Task details: From the material below, set down exactly the lines that run from the one containing "Now there are" to the one containing "Let's look at", minus the pictures.

Dataset excerpts:
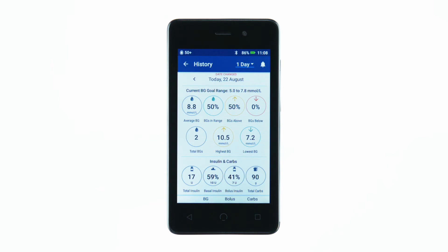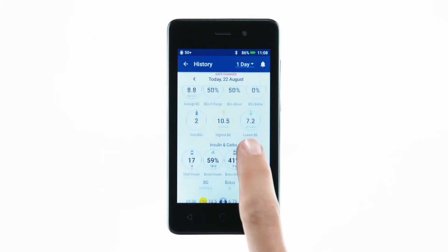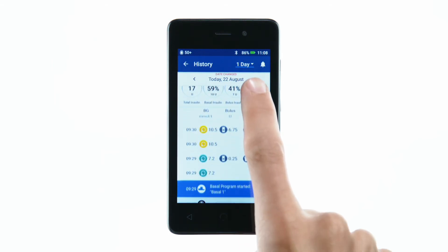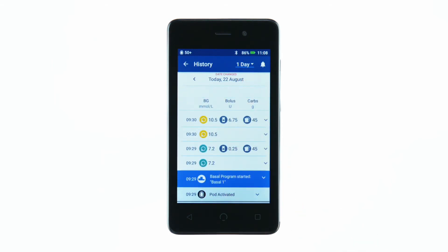The data also includes the time of pod activation and deactivation, any insulin suspensions, and extended bolus details.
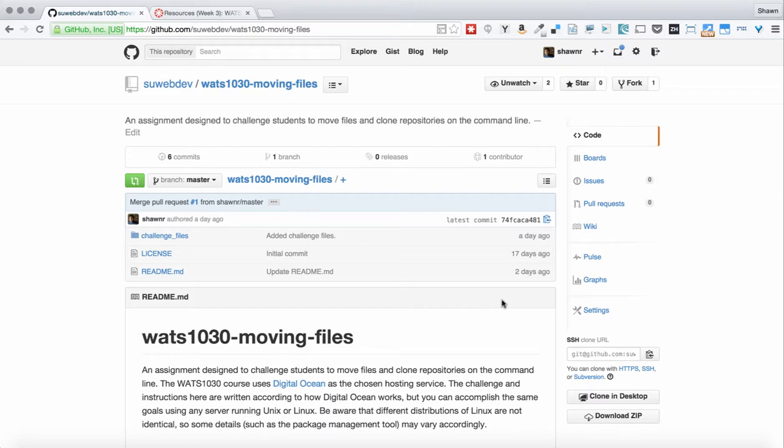Hi, everybody. Welcome to the walkthrough for WATTS 1030, Introduction to Servers and Hosting, Moving Files Assignment.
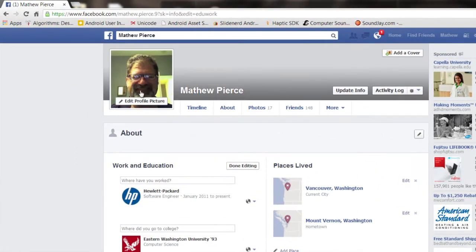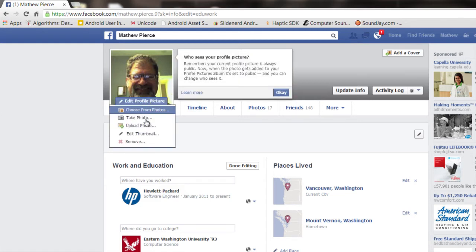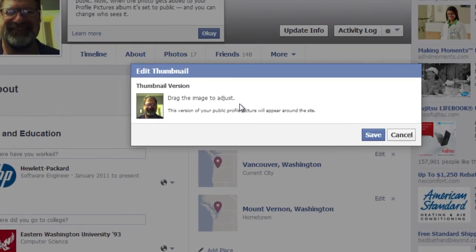Then this is your profile picture right here. What you do is hover over that until this option pops up. Click on that and you have this edit thumbnail option right here. What that will do is bring up the thumbnail version of your profile icon and then you can notice how it turns into the four pointed arrow here. You can use that to adjust the profile picture to get it centered the way you want.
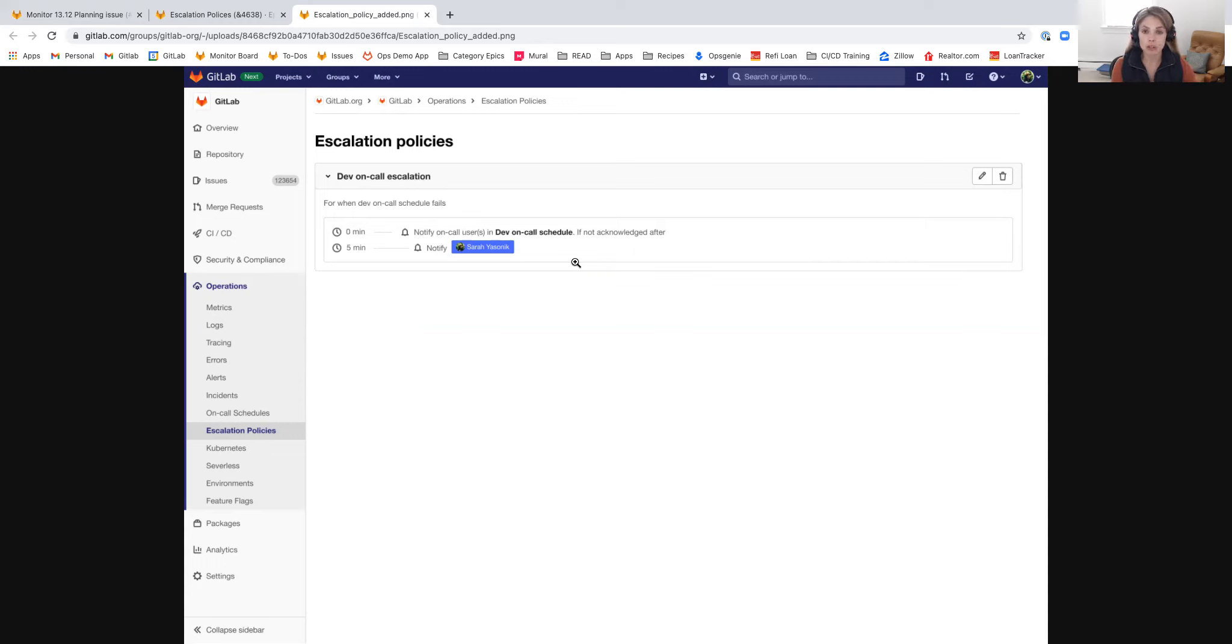If the on-call responder in the first one does not respond at the indicated time, it'll escalate to the next step and start paging the next person.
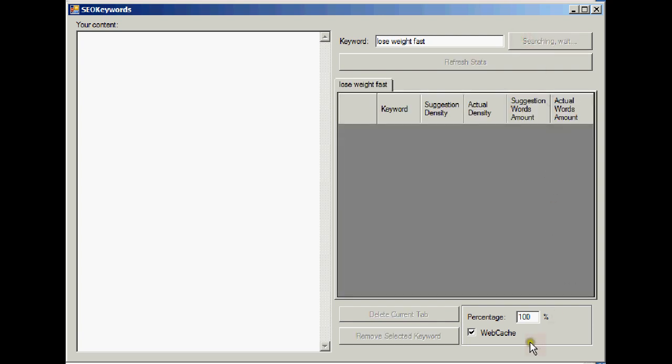Now there's a little checkbox here, webcache, which you can use or not use. If you don't use it, if it's not checked, then Google will just go to the ordinary pages that appear in the search engine results. Now there's a potential problem with that, in that you've probably seen this.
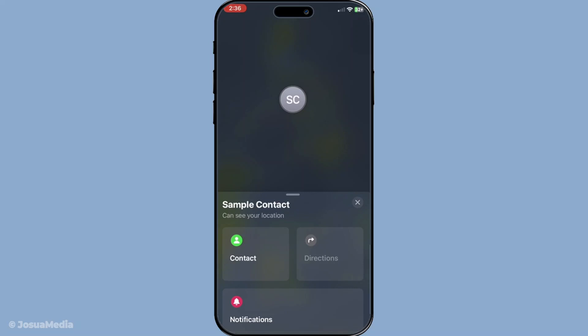Now there are three main reasons why their location might show up as unavailable. First, they may have paused their location sharing. This means they've deliberately chosen to stop sharing their location with you, but don't panic yet—this setting can easily be switched back on.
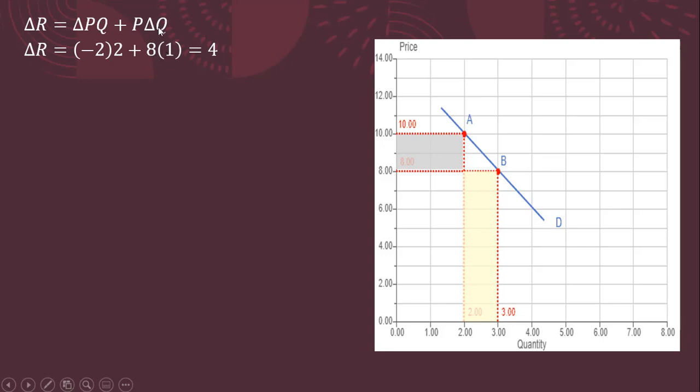So the change in Q in parentheses here, as we go from 2 to 3, is just 1. And we sell that additional unit at a price of $8. So overall, here the change in revenue from selling one more unit, producing and selling one more unit, is $4. So we decompose the effect of the price change.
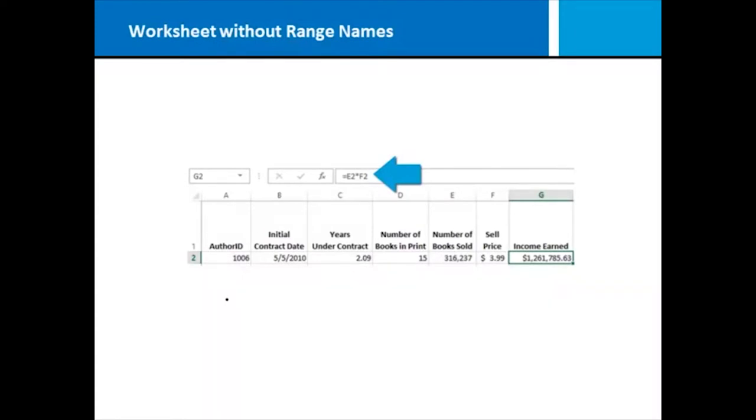Let's look at a worksheet that does not use range names for formulas. Here I've got information about an author who has a contract, has been under contract for a certain number of years, has a certain number of books in print, and so on.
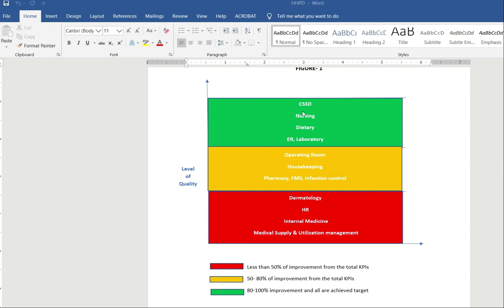This is the dashboard for healthcare quality performance. In this dashboard there are three color codings: red, yellow, and green. We can categorize our departments — for example, CSD comes under green, operating room comes under yellow, and dermatology and human resources come under red. From this we can compare who is the best and who is the worst. We can differentiate. This is the best scorecard for comparing all departments together.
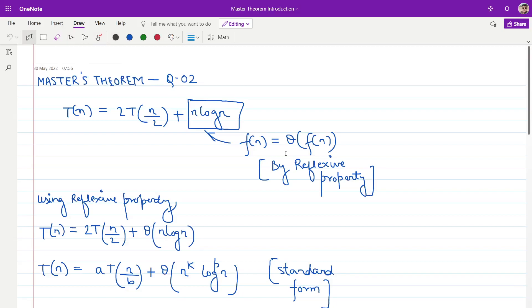Welcome back to Analytics Simplified. In this video, I will be taking up another problem on Master's Theorem. In case you haven't watched previous videos, the links should appear in the i button. You can go there and check them.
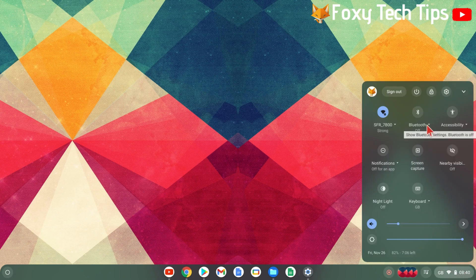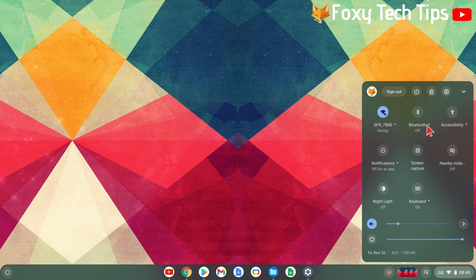You'll see the Bluetooth icon here. If Bluetooth is off, click it to turn it on. If it is already on, click the down arrow beside it to see the list of available Bluetooth devices.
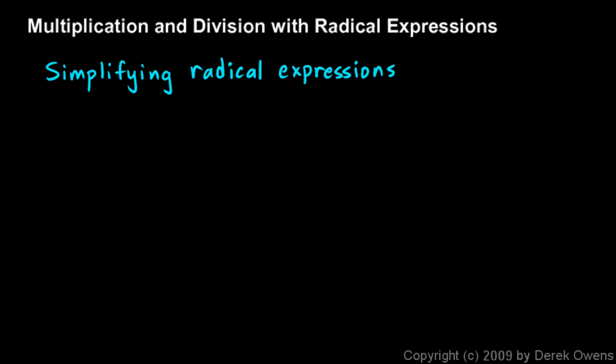Now we will talk about multiplication and division with radical expressions — taking two or more mathematical expressions that involve radicals and multiplying or dividing them. You get some algebraic expression as a result, and the result should be simplified, so we need to go over this idea of simplifying radical expressions first.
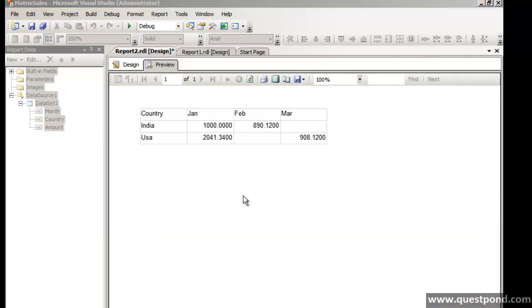I hope that you have enjoyed this video. In this video we saw how we can create matrix report using SSRS. Thank you so much.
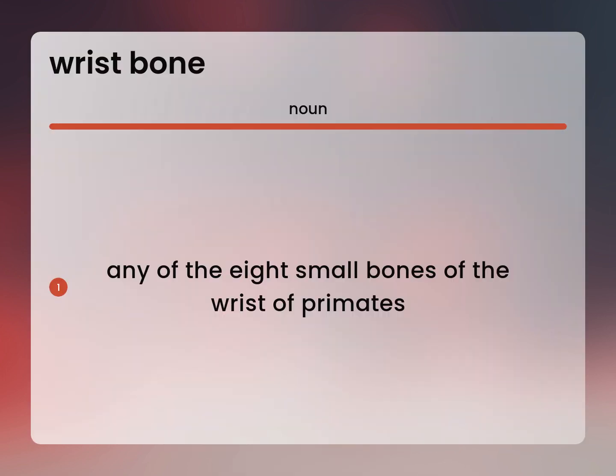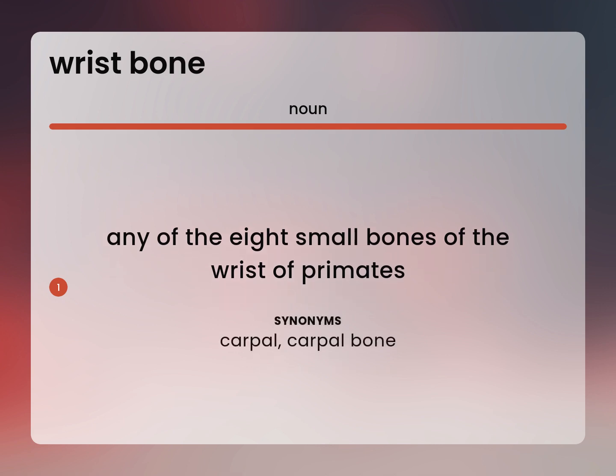Any of the eight small bones of the wrist of primates. Carpal. Carpal bone.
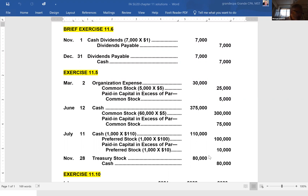Next transaction, June 12th: issued 60,000 shares of $5 par value common stock for cash for $375,000. They received $375,000 cash, so that's the debit. Credit the common stock account for par value: 60,000 shares at $5 per share equals $300,000. To balance the transaction, paid-in capital in excess of par gets the difference: $375,000 minus $300,000 equals a $75,000 credit.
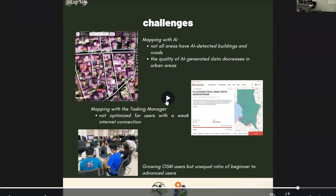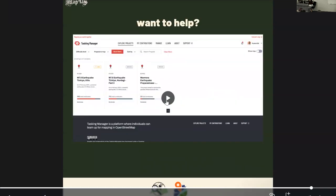Just like any organization, we also encountered challenges during the activation. When mapping with the Rapid Editor or AI-detected buildings, not all areas had AI-detected buildings and roads — some parts of Syria had no data. The quality of AI-generated data also decreases in rural areas. The Tasking Manager is not optimized for users with a weak internet connection, and with growing OSM users, there is an unequal ratio of beginners to advanced users. There are still remaining tasks that need to be validated in the Tasking Manager.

Written solution:
Now there are three main reasons why their location might show up as unavailable. First, they may have paused their location sharing. This means they've deliberately chosen to stop sharing their location with you, but don't panic yet—this setting can easily be switched back on.
So the change in Q in parentheses here, as we go from 2 to 3, is just 1. And we sell that additional unit at a price of $8. So overall, here the change in revenue from selling one more unit, producing and selling one more unit, is $4. So we decompose the effect of the price change.
Let's look at a worksheet that does not use range names for formulas. Here I've got information about an author who has a contract, has been under contract for a certain number of years, has a certain number of books in print, and so on.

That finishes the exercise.